What this task involves.
In the records that follow, count the lines where the string "Unit" appears, and give the count with nothing added.

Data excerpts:
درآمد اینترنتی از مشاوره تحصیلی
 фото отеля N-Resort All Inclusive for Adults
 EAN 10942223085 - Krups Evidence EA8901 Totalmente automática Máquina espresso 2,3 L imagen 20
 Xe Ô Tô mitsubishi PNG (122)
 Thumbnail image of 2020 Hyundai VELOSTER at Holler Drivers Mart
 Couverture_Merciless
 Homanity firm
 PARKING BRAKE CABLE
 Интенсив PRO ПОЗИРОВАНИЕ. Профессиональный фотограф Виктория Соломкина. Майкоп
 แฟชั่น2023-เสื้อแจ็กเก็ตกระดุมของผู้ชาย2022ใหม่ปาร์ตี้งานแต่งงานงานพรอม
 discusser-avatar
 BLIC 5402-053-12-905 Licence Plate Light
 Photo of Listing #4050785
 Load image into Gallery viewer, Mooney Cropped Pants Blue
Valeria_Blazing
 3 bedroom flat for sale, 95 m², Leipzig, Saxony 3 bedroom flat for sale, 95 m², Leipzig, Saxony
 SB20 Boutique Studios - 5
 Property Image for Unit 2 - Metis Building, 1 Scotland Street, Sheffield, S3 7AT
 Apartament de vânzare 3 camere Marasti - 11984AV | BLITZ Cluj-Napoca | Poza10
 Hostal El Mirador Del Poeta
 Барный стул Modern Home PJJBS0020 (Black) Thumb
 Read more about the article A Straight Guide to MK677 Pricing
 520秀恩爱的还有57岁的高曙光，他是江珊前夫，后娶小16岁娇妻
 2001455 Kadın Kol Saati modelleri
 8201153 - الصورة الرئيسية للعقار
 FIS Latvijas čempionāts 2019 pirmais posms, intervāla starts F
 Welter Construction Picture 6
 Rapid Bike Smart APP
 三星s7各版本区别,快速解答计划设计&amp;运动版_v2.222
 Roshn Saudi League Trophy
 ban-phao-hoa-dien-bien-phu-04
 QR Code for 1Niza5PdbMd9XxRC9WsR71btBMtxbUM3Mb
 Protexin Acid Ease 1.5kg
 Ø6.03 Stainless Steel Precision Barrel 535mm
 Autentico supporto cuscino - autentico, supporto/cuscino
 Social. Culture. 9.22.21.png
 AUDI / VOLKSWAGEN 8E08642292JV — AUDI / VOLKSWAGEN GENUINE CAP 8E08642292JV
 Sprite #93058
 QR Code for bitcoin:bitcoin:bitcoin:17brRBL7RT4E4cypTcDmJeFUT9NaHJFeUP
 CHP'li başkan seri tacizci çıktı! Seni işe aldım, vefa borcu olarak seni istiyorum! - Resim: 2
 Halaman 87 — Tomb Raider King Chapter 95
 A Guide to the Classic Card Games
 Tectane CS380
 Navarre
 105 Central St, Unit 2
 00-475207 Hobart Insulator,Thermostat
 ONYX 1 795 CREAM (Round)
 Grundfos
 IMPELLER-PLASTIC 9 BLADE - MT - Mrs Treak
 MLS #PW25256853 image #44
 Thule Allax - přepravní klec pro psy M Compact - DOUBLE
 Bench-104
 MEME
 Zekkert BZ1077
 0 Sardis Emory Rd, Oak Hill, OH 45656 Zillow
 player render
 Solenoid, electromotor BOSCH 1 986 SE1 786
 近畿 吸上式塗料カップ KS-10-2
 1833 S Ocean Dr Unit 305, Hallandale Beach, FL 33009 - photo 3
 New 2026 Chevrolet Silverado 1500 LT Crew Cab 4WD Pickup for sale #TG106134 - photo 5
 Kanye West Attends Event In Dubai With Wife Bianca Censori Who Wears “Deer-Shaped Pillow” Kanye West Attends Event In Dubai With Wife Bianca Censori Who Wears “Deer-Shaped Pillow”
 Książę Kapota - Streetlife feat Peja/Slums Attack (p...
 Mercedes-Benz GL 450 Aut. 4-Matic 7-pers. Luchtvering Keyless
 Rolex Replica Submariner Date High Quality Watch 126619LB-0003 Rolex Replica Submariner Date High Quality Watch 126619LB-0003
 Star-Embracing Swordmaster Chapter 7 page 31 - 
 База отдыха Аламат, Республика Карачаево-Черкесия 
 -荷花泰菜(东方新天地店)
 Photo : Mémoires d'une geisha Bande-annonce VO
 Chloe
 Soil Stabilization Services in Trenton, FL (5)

Result for this task.
3